(Collection entries)
______________________________

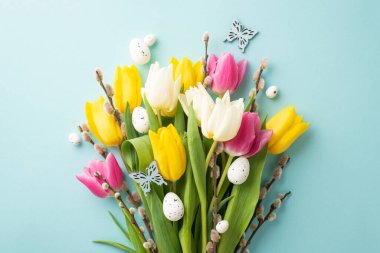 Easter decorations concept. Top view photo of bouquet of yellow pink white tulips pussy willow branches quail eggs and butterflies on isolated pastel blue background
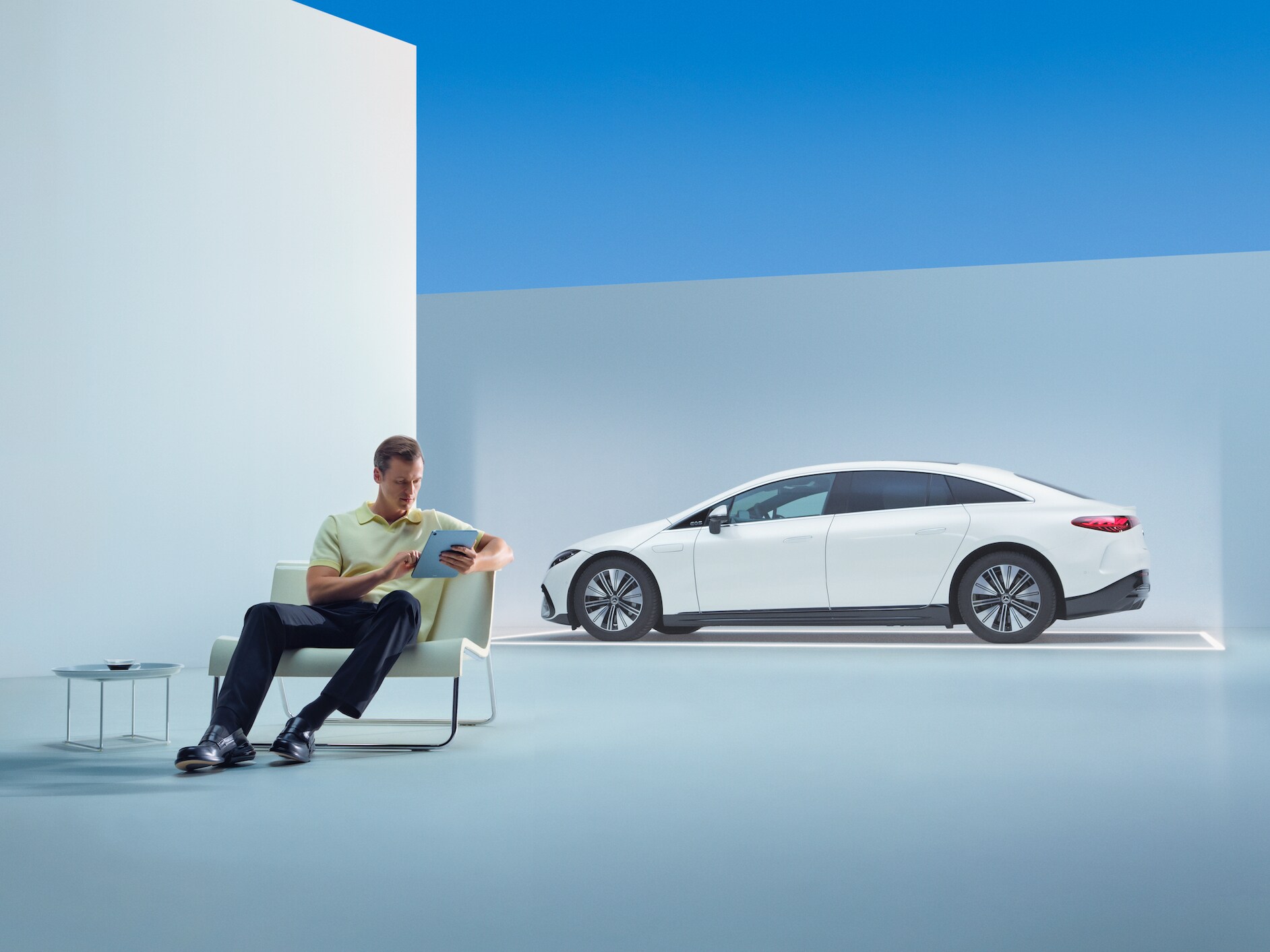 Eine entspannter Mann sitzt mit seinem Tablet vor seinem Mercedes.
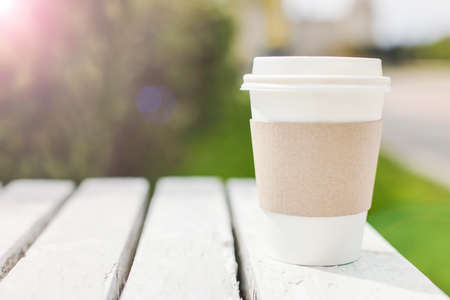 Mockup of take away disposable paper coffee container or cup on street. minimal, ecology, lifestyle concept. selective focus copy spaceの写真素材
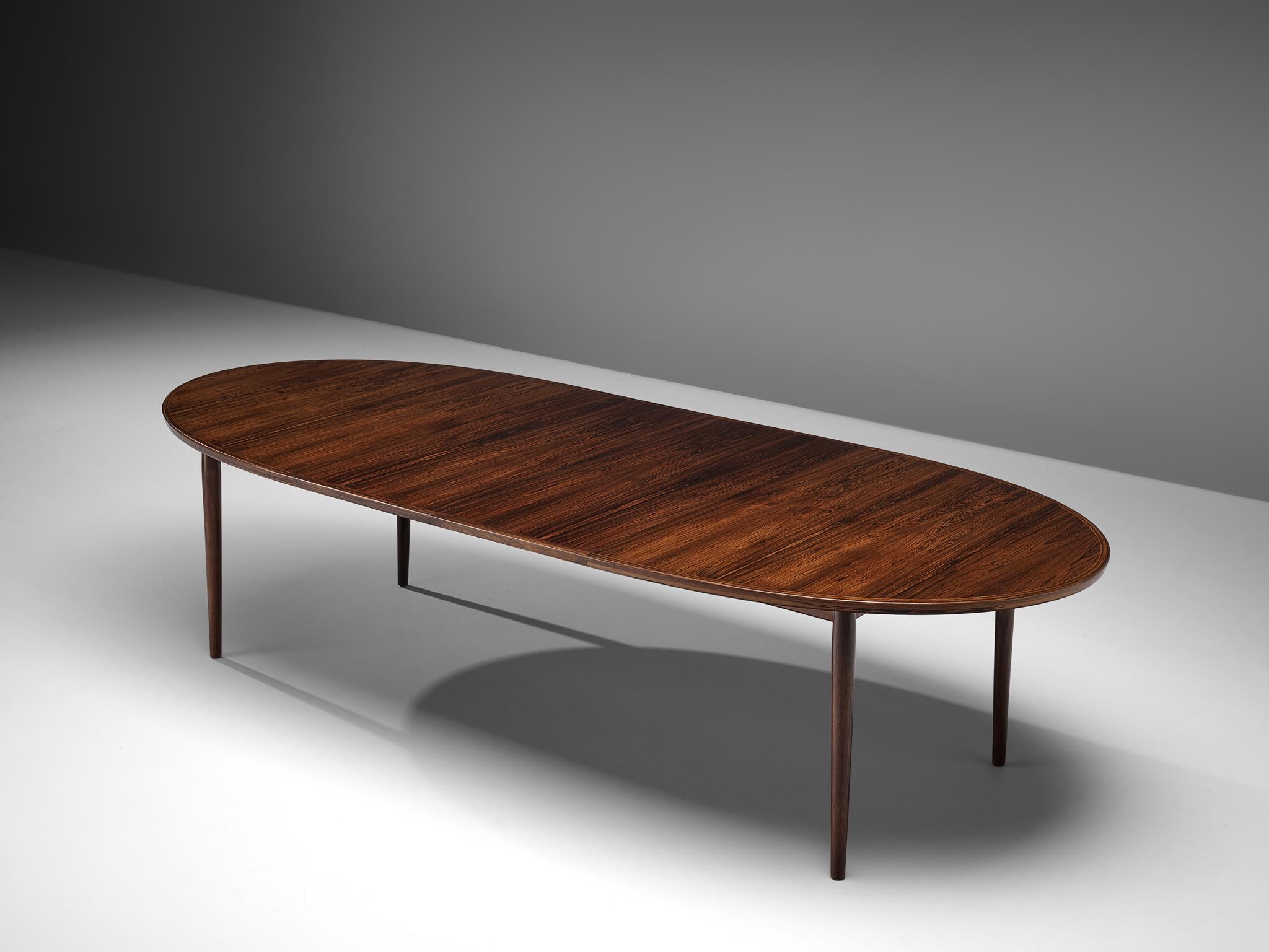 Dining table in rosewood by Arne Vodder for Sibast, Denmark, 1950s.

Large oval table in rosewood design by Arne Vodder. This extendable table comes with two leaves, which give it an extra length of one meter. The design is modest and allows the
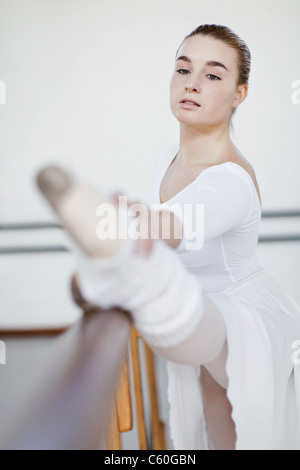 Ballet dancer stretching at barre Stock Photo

______________________________

What is required: From the records above, transcribe exactly the lines starting at the one containing "Eine entspannter Mann" and ending at the one containing "Dining table in". Skip the pictures.

Answer to this exercise:
 Eine entspannter Mann sitzt mit seinem Tablet vor seinem Mercedes.
 Mockup of take away disposable paper coffee container or cup on street. minimal, ecology, lifestyle concept. selective focus copy spaceの写真素材
 Dining table in rosewood by Arne Vodder for Sibast, Denmark, 1950s.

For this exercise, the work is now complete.